Qué impresión me dejó aquel Frías, a quien en una calurosa noche de Mazatlán vi en uno de los balcones de mi recámara moviéndose de un lado a otro, con la cabeza hundida entre los hombros y levantándose la solapa del saco, para luego exclamar: ¡Qué frío! ¡Pero qué frío hace! ¡Estos copos de nieve me hacen tanto daño: agrietan mi cuerpo y laceran mi alma!
Y después de haber pronunciado esas palabras vi cómo Frías se retiraba del balcón sacudiéndose el saco para decir: ¡Qué dicha, qué felicidad tener abrigo!
En el lecho, al que poco antes me había conducido mi abuela, temblaba yo de miedo. Sólo el orgullo me impidió gritar.
Frías seguía golpeándose con violencia el pecho y los hombros. Luego, desapareció por una de las puertas. Nunca he olvidado la escena.
Meses más tarde, una noche también, y cuando mis ojos estaban ya entibiados por el sueño, escuché un ir y venir por los corredores de la casa de mis padres.
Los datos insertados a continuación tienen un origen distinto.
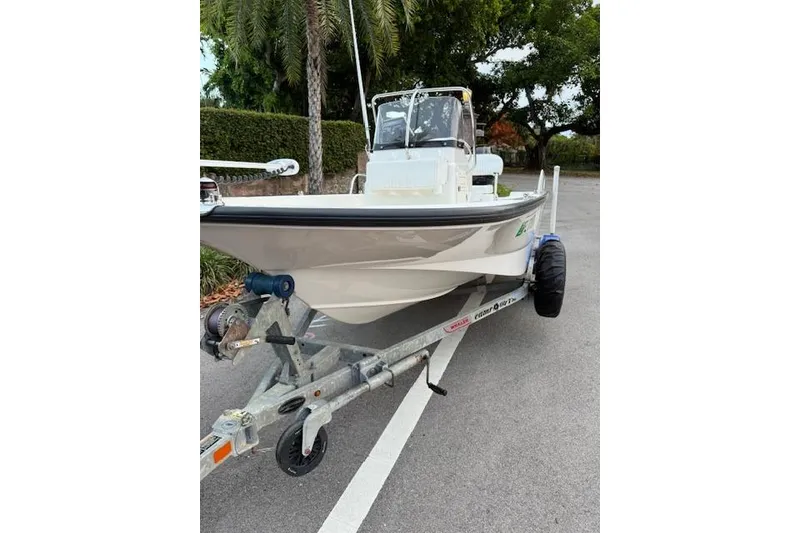 Slide: The Image of 2016 Boston Whaler 150 Montauk boat on trailer, parked on a road. - 8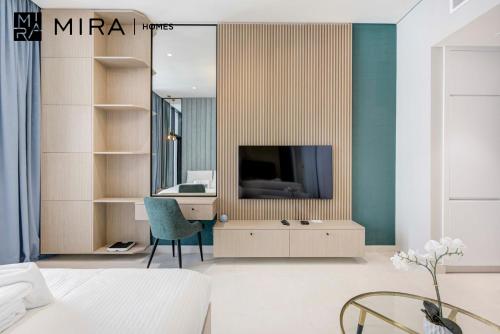 a bedroom with a tv and a desk with a chair at Mira Holiday Homes-Cozy studio close to metro in Dubai
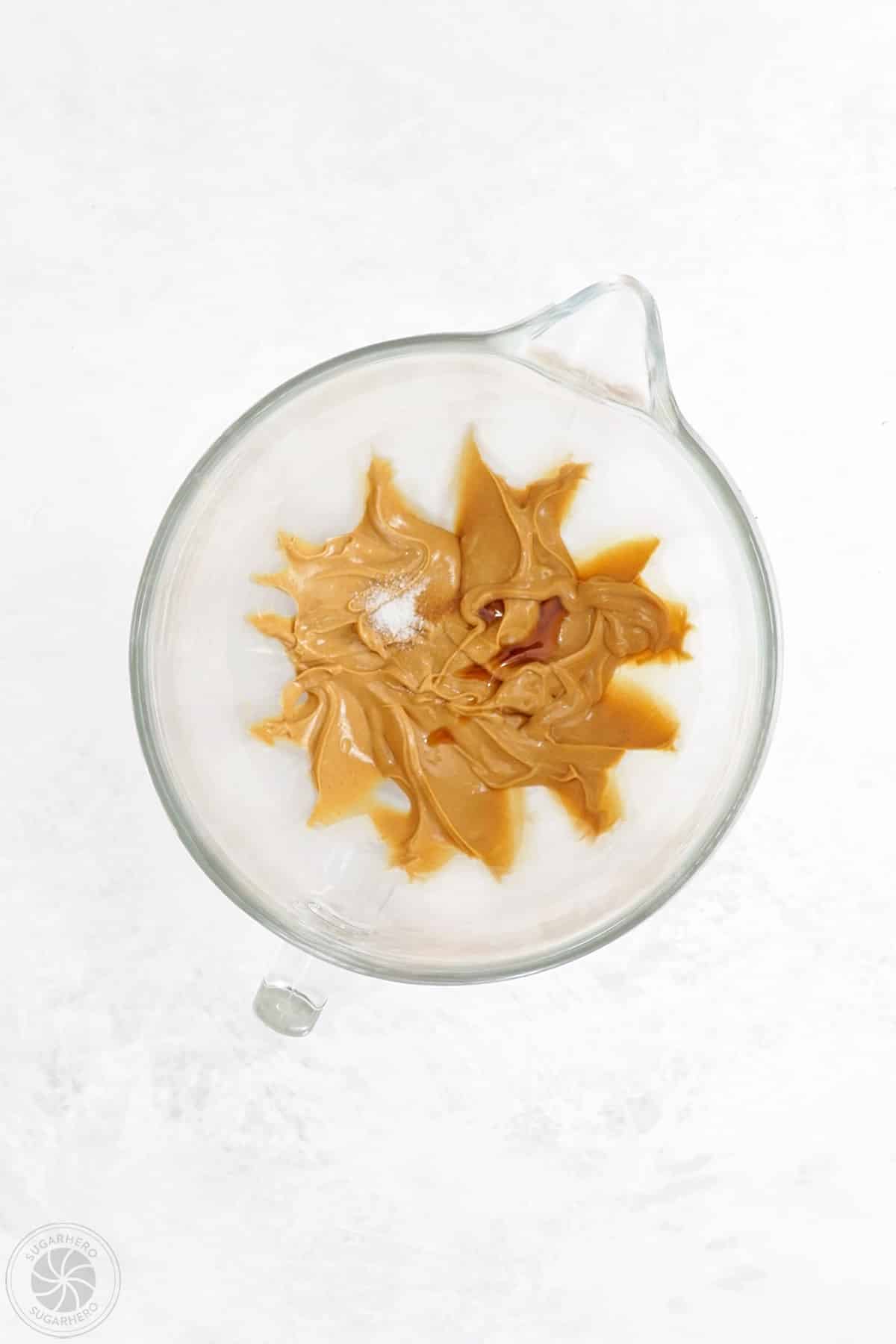 Salt and vanilla extract being added to a peanut butter mixture.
Después sentí la luz sobre mí. Me incorporé. Vi entrar en mi recámara a un joven, seguido de mi padre, que me decía: Hijo, este joven se llama Rafael Buelna y va a ser tu compañero
.
En efecto, la servidumbre colocó una cama a corta distancia de la mía, las sábanas blancas fueron desenvueltas y agitadas en todas direcciones. Mi padre y Buelna salieron de la habitación. Yo me rehusé a dormir y fue necesario que mi abuela entrase a leerme un cuento, un cuento fantástico publicado en alguna revista española.
Abrí los ojos al siguiente día al escuchar pasos cerca de mi cama. Era Buelna que se había puesto ya de pie. Me sonrió, preguntándome amable:
—¿Tú eres ferrelista?
—Todo el pueblo sinaloense lo es —le respondí.
—Entonces seremos buenos amigos. Te enseñaré, mientras sea tu compañero, a amar la democracia, a amar la libertad. ¿No te ha dicho tu maestra que sin libertad no es posible vivir? —me dijo Rafael.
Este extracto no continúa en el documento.